What to Expect When Others are Expecting…About You
Expectations both motivate and destroy. This fall when my grandchildren welcomed their new puppy, expectations ran high. The kids prepared by watching videos on puppy training, taking notes about how to start right concerning sleep and eating and visiting the outdoor bathroom. Everyone expected to work hard, to watch for errant nibbling on socks and walls, to clean up messes, and to share lots of snuggling, licks, and energy-expending times. New puppy expectations were both practical and inspiring.
Expectations run high when churches choose a new pastor. Unfortunately, these expectations can be impractical and discouraging, even unhealthy. In their YouVersion devotional “Pastors are People Too,” Jimmy Dodd and Larry Magnussen list some expectations that discourage pastors. Examples are that pastors should be:
· both always available and spending forty hours a week on each sermon
· caring and friendly to everyone while always preaching with amazing passion and inspiration
· forwarding outreach and evangelism while personally knowing all the children in the church.
And this is just the beginning. Dodd and Magnussen conclude: “Spoken or unspoken, unreasonable expectations leave a pastor feeling grossly inadequate and become a barrier to effective ministry.”
Unreasonable expectations extend to the pastor’s family as well, in spite of the fact these family members have no call to vocational ministry. Because pastor’s spouses are real people, their houses are not perpetually “company-ready,” their children have good and bad days, their clothing choices are uneven, their jobs may be neither admirable nor lucrative, and they might not like to speak in public, sing, or play an instrument.
As a pastor’s wife for forty years, I know that the unrealistic expectations hurt. One parishioner yelled at me because I shielded my husband (at his request) from her Saturday night complaint call. Another did not understand why I could not babysit (for free) for her three children once a week. A third blamed me for an elder board decision that went against her wishes.
Spouses can become the scapegoat for congregants’ unmet expectations. While lamentable, much more serious is when the pastor’s spouse comes to believe the unrealistic expectations and so finds him/herself wanting. Congregations do not hire the pastor’s spouse—nor his children for that matter. For the pastoral family, the standards for life and service are the same as those of every other redeemed sinner in the congregation.
Not all expectations are bad. Positive ones become realistic goals to strive for, benchmarks to meet. God has a lot of expectations for His beloved children. He expects us to love Him and serve His purposes. He expects us to tell Him our needs and thank Him for His provision. He expects us to grow daily more like His Son, putting off old selves and putting on new ones. As well, we believers have expectations about our God: that He will act wisely and purely, that He will be true to Himself and to His purposes in the world. We expect Him to be kind and just, strong and compassionate.
So how should Christian leaders view expectations? We can acknowledge realistic expectations and use them use to guide our actions. And we can ignore unrealistic expectations and silence their accusations.

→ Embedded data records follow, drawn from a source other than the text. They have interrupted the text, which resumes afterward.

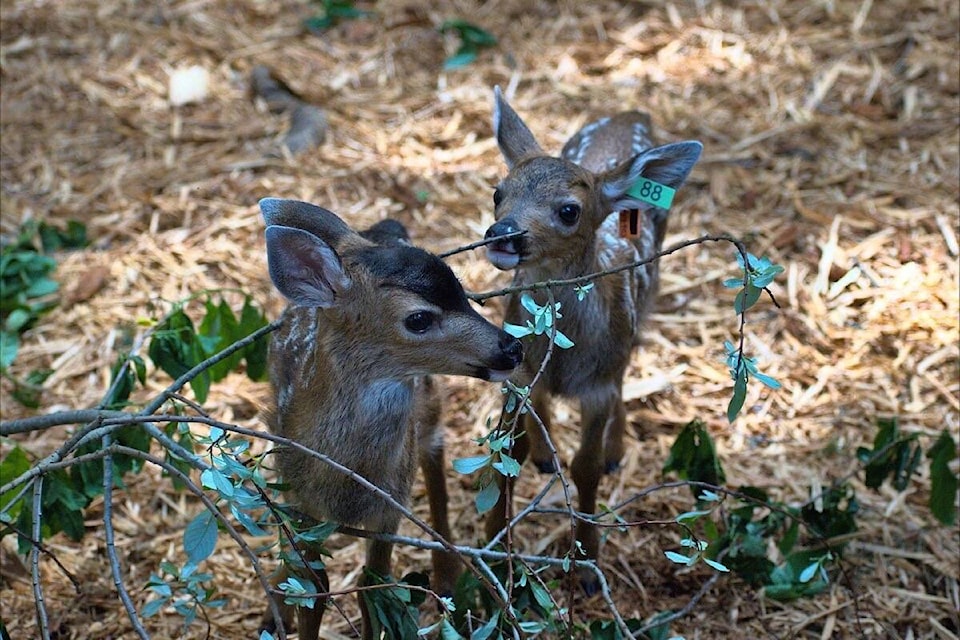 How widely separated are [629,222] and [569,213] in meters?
0.42

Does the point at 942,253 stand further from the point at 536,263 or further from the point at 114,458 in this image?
the point at 114,458

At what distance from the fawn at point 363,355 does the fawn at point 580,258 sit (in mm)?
785

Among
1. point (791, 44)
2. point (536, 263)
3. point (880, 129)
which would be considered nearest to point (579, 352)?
point (536, 263)

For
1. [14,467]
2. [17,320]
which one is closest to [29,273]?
[17,320]

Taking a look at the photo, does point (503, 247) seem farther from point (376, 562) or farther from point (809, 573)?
point (809, 573)

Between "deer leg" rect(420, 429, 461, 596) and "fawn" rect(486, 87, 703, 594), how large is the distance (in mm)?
272

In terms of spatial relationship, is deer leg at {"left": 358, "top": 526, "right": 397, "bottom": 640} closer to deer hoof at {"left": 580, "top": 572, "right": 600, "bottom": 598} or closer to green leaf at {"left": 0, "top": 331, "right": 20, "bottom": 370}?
deer hoof at {"left": 580, "top": 572, "right": 600, "bottom": 598}

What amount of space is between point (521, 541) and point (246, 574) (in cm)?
124

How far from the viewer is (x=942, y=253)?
6672mm

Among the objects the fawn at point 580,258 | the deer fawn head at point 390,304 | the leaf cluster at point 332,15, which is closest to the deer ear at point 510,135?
the fawn at point 580,258

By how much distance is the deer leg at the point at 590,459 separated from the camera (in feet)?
16.4

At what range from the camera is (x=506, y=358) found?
371 centimetres

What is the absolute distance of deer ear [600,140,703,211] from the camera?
4.83 m

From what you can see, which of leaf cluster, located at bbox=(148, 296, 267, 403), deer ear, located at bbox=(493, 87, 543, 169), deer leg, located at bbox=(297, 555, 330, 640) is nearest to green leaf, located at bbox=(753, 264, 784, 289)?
deer leg, located at bbox=(297, 555, 330, 640) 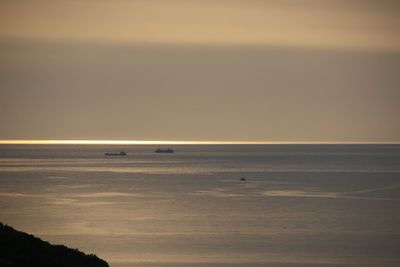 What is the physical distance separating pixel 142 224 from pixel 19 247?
4459 centimetres

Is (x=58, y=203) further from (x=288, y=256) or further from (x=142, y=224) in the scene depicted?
(x=288, y=256)

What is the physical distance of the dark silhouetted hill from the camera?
113ft

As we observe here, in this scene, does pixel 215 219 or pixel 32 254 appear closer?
pixel 32 254

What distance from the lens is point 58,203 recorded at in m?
103

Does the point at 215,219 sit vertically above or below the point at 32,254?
above

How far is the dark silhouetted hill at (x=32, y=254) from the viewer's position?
34.4 m

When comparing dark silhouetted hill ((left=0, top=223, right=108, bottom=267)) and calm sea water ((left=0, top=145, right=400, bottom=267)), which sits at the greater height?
calm sea water ((left=0, top=145, right=400, bottom=267))

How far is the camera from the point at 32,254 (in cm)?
3519

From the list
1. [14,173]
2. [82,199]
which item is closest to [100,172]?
[14,173]

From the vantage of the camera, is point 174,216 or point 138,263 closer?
point 138,263

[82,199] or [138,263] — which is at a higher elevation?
[82,199]

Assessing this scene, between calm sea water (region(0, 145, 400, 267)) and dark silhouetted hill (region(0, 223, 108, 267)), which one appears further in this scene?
calm sea water (region(0, 145, 400, 267))

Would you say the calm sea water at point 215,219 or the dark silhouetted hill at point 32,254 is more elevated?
the calm sea water at point 215,219

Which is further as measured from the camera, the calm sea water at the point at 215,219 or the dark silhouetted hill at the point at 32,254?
the calm sea water at the point at 215,219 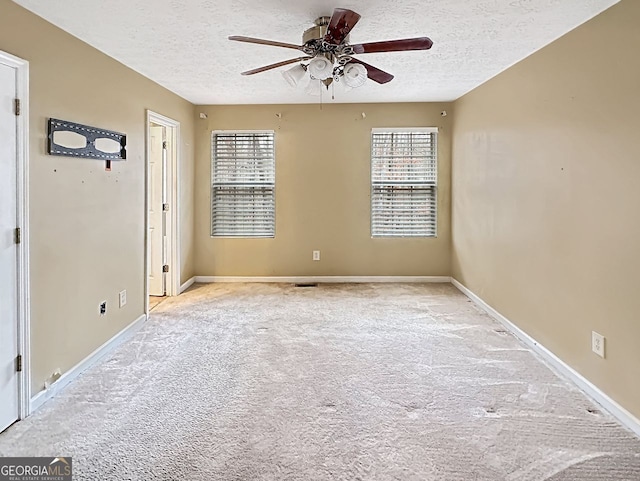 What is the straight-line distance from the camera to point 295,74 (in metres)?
2.81

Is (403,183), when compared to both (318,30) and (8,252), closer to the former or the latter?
(318,30)

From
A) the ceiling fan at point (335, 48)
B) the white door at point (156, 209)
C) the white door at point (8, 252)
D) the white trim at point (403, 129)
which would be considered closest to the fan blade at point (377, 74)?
the ceiling fan at point (335, 48)

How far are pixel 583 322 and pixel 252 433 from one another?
7.24 feet

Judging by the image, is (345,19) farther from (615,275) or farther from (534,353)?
(534,353)

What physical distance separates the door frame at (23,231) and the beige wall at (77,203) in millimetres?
59

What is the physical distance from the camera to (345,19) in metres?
2.19

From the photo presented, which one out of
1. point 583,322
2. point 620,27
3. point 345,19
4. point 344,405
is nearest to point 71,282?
point 344,405

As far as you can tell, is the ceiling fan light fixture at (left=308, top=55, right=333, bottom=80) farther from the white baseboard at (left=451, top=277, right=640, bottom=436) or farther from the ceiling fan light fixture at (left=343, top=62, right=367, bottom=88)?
the white baseboard at (left=451, top=277, right=640, bottom=436)

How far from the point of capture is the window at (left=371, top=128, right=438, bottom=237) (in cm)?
560

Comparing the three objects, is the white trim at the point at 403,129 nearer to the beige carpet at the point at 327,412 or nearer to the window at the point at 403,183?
the window at the point at 403,183

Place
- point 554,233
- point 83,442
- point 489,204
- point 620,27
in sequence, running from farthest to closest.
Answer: point 489,204 < point 554,233 < point 620,27 < point 83,442

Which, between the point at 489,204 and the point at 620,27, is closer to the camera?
the point at 620,27

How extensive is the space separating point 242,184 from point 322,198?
1.13 m

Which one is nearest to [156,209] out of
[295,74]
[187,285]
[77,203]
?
[187,285] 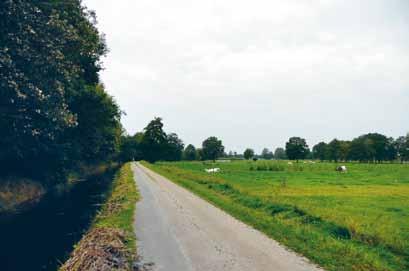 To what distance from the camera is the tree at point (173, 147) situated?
152 metres

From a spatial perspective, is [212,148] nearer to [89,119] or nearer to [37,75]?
[89,119]

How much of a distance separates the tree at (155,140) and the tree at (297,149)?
6399 cm

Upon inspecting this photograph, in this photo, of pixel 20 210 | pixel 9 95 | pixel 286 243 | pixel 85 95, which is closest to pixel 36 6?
pixel 9 95

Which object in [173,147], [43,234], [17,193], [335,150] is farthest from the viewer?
[335,150]

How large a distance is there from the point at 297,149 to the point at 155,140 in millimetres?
71598

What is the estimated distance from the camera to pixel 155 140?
147125mm

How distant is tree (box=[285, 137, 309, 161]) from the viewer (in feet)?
573

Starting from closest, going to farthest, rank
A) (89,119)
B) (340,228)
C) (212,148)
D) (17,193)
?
(340,228), (17,193), (89,119), (212,148)

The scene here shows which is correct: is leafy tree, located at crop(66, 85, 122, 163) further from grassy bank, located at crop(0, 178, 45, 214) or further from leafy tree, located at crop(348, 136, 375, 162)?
leafy tree, located at crop(348, 136, 375, 162)

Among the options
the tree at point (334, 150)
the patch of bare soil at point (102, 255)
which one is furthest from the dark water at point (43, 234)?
the tree at point (334, 150)

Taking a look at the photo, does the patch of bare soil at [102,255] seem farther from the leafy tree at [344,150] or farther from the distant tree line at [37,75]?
the leafy tree at [344,150]

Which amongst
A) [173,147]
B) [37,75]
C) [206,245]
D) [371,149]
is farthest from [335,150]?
[206,245]

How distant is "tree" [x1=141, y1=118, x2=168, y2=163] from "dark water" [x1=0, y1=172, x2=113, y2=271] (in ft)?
389

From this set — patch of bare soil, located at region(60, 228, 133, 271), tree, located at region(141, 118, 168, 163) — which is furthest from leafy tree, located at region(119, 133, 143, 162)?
patch of bare soil, located at region(60, 228, 133, 271) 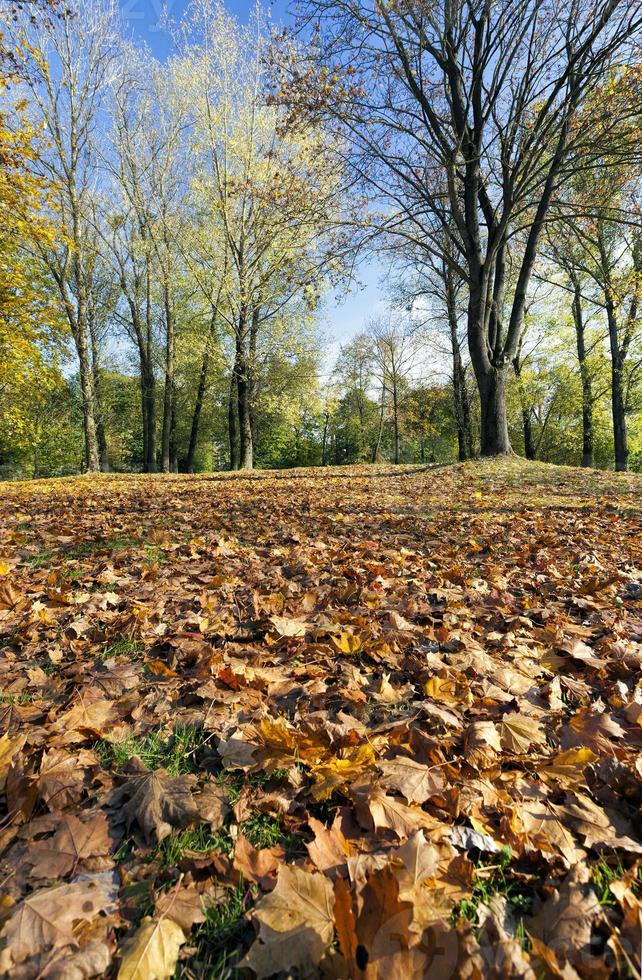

The question is one of focus. Whom do we serve? Whose expectations matter? When expectations swirl around us, we need to ask: Are these standards really God’s? If they are not, they are meaningless.
We can’t escape unrealistic expectations, but we can refuse to submit to them. In the face of unrealistic expectations, the pastor and pastoral family can follow these three “rules”:
1. Remember God is the audience: we must act as He directs.
2. Recognize the power of “no”: Disappointing unrealistic “expect-ers” is good for them; God wants them to abandon wrong desires and judgmental attitudes.
3. Repent of your unjust anger: Don’t let expectations be an excuse for your own resentment. We are called to forgive, to hope, and to trust God to defend our prayer and Word-guided choices.
At least for me—and I hope for you—the goal is to only follow healthy, God-given expectations.